### INSTRUCTIONS TO FOLLOW
Search the material below for the string "code" and extract each line that has it.

### THE DATA
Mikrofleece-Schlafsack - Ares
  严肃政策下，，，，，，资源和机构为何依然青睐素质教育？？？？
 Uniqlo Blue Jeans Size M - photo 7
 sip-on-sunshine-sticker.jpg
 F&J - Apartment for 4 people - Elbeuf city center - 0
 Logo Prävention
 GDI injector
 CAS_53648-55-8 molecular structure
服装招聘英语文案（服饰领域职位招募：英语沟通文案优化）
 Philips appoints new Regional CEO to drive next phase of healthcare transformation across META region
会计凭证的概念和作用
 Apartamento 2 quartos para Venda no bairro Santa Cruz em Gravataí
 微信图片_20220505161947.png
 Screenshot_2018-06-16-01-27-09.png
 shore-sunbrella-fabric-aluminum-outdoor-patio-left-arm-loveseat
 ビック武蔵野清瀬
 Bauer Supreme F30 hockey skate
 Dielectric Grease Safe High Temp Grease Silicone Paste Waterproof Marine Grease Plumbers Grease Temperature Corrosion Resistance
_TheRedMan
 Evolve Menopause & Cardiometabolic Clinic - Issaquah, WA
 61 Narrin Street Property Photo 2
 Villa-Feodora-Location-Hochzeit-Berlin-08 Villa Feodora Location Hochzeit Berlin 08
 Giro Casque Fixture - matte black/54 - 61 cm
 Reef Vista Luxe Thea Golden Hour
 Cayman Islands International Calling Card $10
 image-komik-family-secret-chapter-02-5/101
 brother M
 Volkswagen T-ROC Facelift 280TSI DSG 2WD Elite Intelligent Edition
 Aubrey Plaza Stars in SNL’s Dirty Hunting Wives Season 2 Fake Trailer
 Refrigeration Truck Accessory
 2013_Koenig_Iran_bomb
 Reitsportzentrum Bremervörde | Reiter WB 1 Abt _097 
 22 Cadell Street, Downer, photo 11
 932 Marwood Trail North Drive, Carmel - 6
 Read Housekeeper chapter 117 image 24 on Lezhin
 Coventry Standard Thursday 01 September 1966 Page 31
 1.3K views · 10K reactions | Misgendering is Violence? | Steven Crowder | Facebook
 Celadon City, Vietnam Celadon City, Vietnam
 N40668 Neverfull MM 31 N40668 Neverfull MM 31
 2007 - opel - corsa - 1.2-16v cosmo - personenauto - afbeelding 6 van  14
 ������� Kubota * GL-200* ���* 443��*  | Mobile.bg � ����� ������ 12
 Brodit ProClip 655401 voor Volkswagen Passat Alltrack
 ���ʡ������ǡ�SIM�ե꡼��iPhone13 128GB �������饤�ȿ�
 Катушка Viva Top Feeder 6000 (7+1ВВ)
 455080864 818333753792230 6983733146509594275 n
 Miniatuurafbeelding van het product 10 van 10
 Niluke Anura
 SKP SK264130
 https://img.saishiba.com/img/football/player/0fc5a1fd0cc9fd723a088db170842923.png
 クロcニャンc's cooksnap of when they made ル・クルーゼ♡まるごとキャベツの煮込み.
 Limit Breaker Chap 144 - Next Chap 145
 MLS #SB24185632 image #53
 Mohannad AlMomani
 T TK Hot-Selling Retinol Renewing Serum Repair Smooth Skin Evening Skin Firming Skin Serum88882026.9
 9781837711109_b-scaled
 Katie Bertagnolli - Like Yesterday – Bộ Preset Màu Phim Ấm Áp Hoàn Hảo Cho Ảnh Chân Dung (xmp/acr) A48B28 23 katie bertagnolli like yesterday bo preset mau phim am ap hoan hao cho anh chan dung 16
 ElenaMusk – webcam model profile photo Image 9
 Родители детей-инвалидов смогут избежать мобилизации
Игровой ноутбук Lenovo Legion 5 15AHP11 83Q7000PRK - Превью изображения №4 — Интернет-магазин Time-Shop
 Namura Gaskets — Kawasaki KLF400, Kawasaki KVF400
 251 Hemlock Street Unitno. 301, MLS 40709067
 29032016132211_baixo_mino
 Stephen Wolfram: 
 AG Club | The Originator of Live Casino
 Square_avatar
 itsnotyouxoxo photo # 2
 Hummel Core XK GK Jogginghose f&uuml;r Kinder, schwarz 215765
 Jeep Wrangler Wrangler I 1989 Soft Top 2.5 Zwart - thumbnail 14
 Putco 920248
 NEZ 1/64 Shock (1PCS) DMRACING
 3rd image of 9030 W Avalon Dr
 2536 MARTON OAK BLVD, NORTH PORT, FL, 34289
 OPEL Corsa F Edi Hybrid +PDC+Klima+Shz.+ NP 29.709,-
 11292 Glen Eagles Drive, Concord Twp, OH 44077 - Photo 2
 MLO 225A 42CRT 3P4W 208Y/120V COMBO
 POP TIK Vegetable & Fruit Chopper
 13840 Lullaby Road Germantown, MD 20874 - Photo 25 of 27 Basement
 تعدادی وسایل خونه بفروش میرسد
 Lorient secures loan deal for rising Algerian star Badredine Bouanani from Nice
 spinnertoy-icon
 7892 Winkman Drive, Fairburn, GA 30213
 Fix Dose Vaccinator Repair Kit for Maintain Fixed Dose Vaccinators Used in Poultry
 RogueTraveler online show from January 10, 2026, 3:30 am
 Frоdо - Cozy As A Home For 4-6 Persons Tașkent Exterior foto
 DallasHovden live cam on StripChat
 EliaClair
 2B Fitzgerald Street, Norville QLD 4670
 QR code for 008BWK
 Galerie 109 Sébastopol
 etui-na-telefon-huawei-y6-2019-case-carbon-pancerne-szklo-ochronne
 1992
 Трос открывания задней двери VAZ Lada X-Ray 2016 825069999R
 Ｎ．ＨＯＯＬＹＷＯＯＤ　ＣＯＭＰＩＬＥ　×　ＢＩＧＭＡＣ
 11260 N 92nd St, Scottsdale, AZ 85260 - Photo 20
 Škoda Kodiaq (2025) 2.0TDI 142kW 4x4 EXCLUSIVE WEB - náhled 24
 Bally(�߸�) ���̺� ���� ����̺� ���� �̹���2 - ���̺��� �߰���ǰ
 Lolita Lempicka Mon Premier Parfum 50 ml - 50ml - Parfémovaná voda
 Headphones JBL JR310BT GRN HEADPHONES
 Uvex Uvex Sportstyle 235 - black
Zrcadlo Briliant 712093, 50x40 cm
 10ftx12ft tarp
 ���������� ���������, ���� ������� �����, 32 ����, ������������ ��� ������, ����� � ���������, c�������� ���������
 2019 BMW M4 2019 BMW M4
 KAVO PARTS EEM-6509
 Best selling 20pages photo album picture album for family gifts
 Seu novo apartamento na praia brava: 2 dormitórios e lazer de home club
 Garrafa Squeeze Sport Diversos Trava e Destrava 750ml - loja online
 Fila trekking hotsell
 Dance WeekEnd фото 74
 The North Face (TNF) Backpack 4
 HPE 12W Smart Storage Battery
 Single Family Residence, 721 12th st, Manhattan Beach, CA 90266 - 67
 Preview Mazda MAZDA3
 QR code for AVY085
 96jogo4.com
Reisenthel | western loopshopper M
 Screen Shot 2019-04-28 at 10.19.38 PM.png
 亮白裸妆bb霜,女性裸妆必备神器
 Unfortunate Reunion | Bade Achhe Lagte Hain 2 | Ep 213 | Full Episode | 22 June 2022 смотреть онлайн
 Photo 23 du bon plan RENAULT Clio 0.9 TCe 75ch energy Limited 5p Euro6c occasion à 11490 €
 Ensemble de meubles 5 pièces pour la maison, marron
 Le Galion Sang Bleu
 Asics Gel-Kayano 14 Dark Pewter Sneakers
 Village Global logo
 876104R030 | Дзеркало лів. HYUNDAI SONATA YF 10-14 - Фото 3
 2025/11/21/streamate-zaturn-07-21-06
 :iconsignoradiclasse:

### SOLUTION
 QR code for 008BWK
 QR code for AVY085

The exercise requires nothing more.